• [TASK] Print, exactly as they stand, the lines below from the one that has "TicTic offers more" to the one that has "In this video, I'll", inclusive, leaving out the pictures.

• [SUPPLIED DATA]
+++

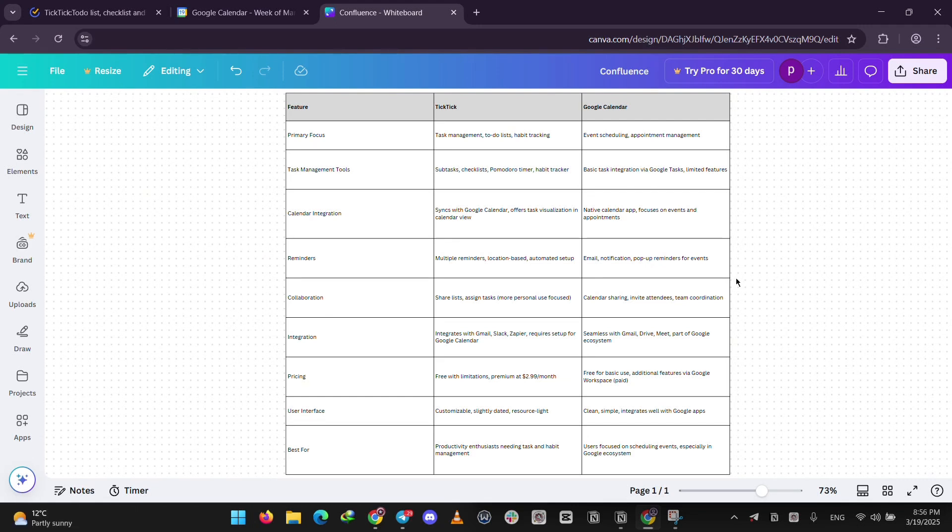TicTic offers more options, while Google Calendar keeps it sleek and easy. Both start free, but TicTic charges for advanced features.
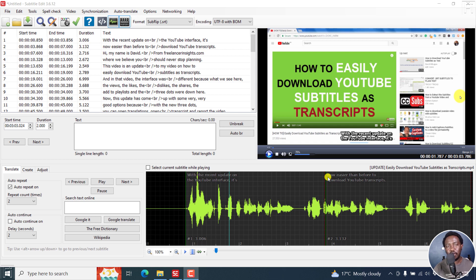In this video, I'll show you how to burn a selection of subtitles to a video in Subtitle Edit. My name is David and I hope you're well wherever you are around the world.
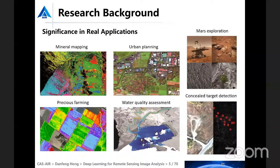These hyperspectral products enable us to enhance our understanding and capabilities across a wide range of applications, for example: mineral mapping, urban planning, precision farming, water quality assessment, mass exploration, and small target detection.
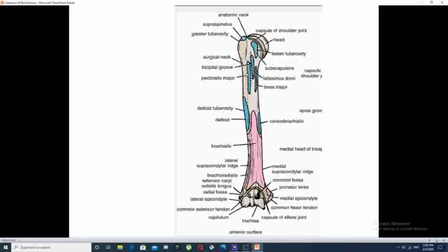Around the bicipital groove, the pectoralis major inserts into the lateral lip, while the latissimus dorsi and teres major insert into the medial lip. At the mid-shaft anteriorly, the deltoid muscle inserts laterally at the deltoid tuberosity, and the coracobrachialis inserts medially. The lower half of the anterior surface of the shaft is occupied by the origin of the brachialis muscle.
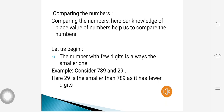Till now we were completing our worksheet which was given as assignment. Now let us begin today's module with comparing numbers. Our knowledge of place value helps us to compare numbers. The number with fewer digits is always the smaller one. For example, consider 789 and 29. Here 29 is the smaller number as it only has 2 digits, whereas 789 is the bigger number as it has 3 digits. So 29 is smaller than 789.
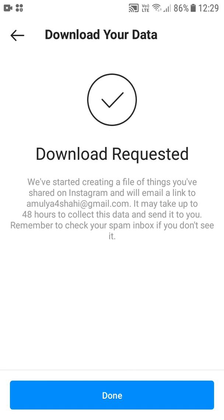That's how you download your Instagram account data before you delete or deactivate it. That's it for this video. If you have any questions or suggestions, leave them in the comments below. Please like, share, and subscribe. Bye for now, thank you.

+++

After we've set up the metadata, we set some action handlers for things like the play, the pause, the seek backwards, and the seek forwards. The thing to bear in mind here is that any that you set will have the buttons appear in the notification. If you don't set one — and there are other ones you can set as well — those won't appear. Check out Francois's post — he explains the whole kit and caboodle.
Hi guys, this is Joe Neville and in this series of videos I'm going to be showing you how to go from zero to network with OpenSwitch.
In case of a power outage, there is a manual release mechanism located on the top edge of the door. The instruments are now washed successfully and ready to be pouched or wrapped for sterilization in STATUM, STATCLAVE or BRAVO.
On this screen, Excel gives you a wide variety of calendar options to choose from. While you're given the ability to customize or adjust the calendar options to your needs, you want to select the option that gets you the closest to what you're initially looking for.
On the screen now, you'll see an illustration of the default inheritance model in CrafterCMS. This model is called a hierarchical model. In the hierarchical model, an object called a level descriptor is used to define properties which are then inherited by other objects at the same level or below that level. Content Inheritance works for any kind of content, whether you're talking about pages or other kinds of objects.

+++

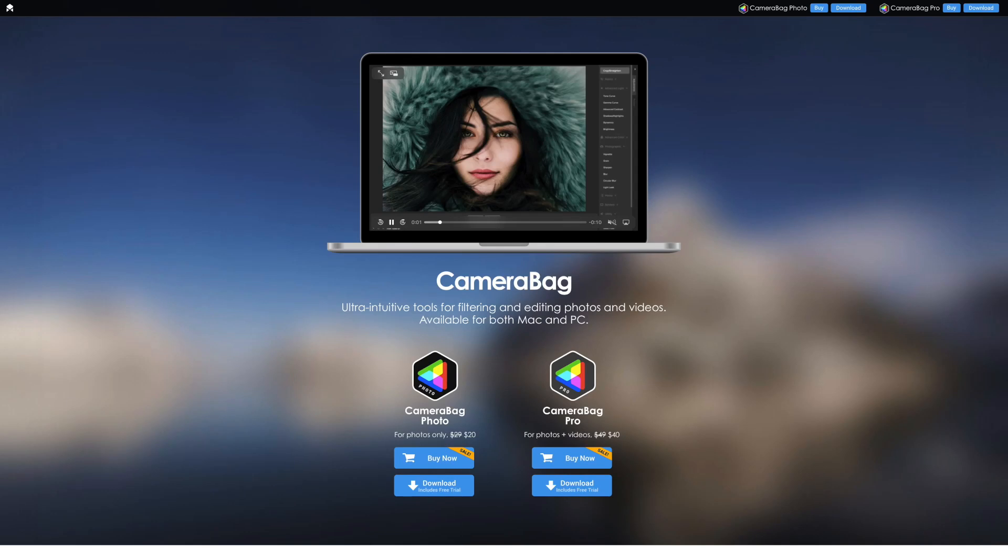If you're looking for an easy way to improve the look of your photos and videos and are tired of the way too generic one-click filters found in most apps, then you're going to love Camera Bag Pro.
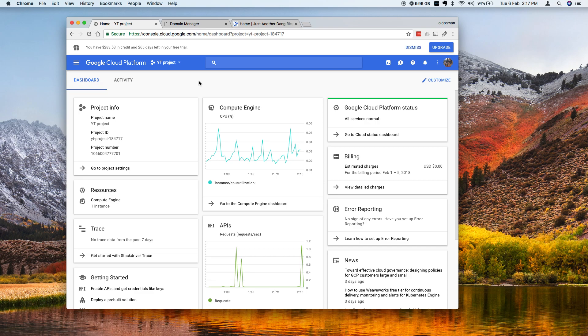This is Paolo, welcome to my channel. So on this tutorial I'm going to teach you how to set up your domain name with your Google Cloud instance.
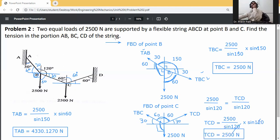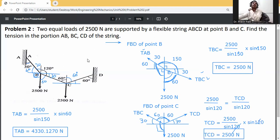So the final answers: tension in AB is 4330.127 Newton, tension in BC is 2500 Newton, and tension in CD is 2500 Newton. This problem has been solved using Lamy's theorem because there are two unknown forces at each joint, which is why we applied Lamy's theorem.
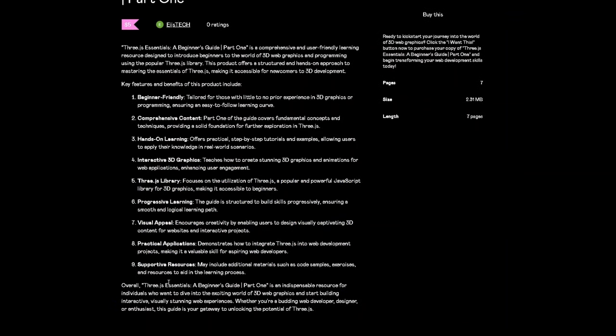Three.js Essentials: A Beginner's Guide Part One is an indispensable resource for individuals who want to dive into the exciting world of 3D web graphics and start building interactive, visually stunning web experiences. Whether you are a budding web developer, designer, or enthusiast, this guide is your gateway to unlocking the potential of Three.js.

+++

• [THE COMPLETED TASK]
TicTic offers more options, while Google Calendar keeps it sleek and easy. Both start free, but TicTic charges for advanced features.
In this video, I'll show you how to burn a selection of subtitles to a video in Subtitle Edit. My name is David and I hope you're well wherever you are around the world.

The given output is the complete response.